■ Problem to work on: For this item, repeat the material exactly while omitting its pictures.

■ The data:

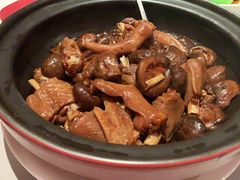 花菇煲狮头鹅掌翅煲-金海华·悦食东方(苏州中心商场店)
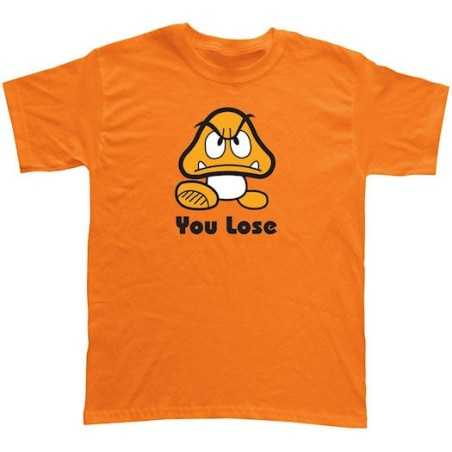 T-shirt - Nintendo - You Loose - XL Homme 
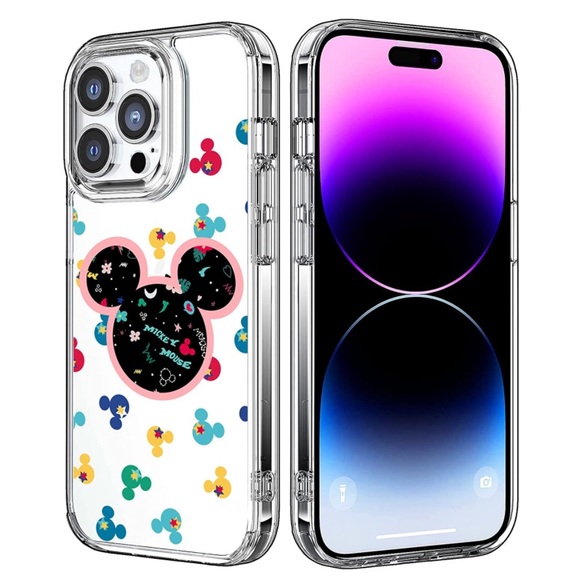 Cell Phones & Accessories Disney Mickey Mouse Falling Ears Colorful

■ Exercise output:
 花菇煲狮头鹅掌翅煲-金海华·悦食东方(苏州中心商场店)
 T-shirt - Nintendo - You Loose - XL Homme 
 Cell Phones & Accessories Disney Mickey Mouse Falling Ears Colorful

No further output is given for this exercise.